## Action item
Return all of the data exactly, with nothing left out but the pictures.

Information provided below:

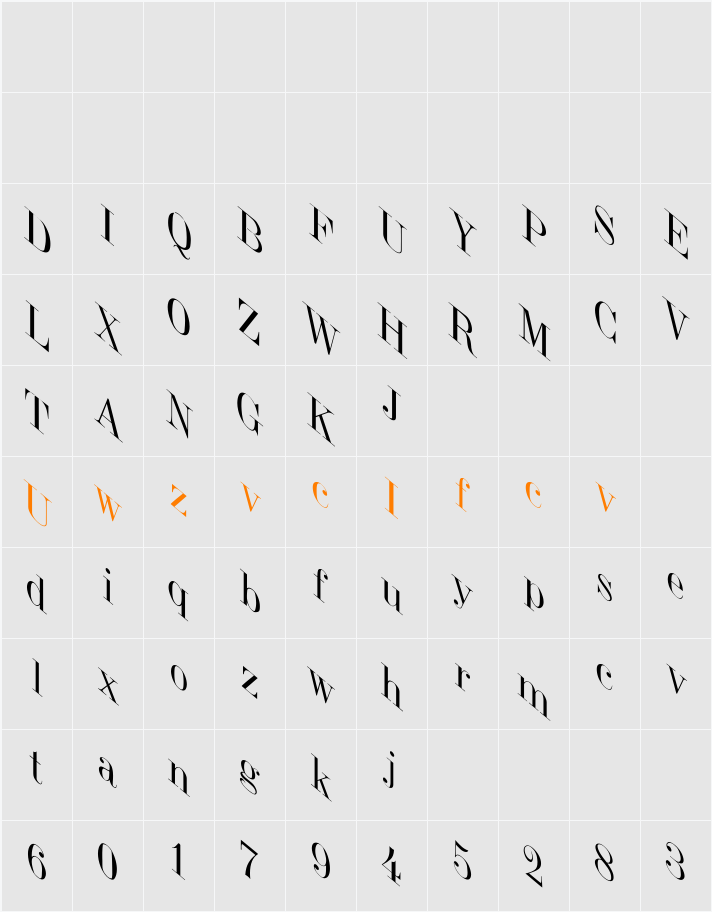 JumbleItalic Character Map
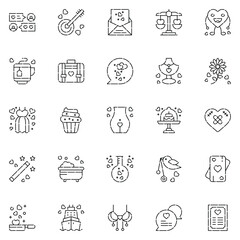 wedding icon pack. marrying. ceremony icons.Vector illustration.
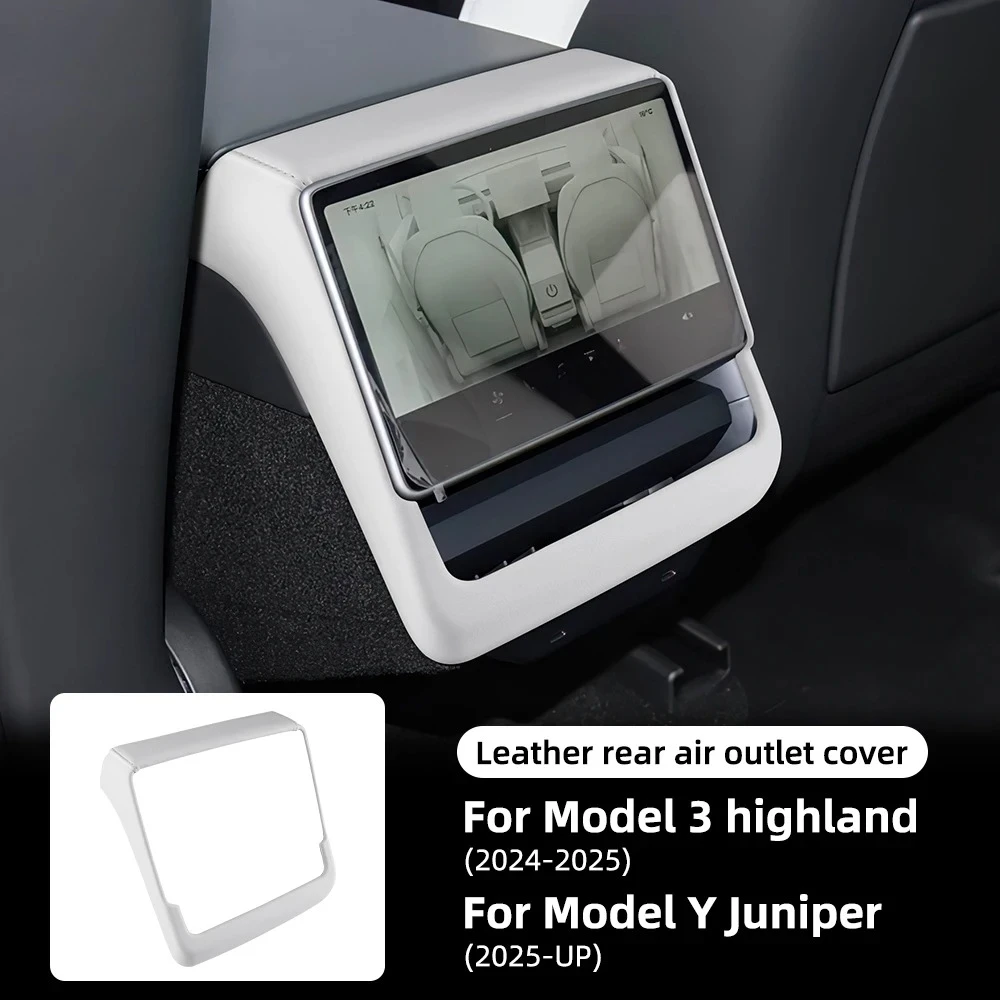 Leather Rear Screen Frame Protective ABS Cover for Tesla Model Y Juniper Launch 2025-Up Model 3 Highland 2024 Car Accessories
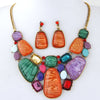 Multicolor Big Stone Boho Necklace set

End of Information provided.

## Problem solution
 JumbleItalic Character Map
 wedding icon pack. marrying. ceremony icons.Vector illustration.
 Leather Rear Screen Frame Protective ABS Cover for Tesla Model Y Juniper Launch 2025-Up Model 3 Highland 2024 Car Accessories
 Multicolor Big Stone Boho Necklace set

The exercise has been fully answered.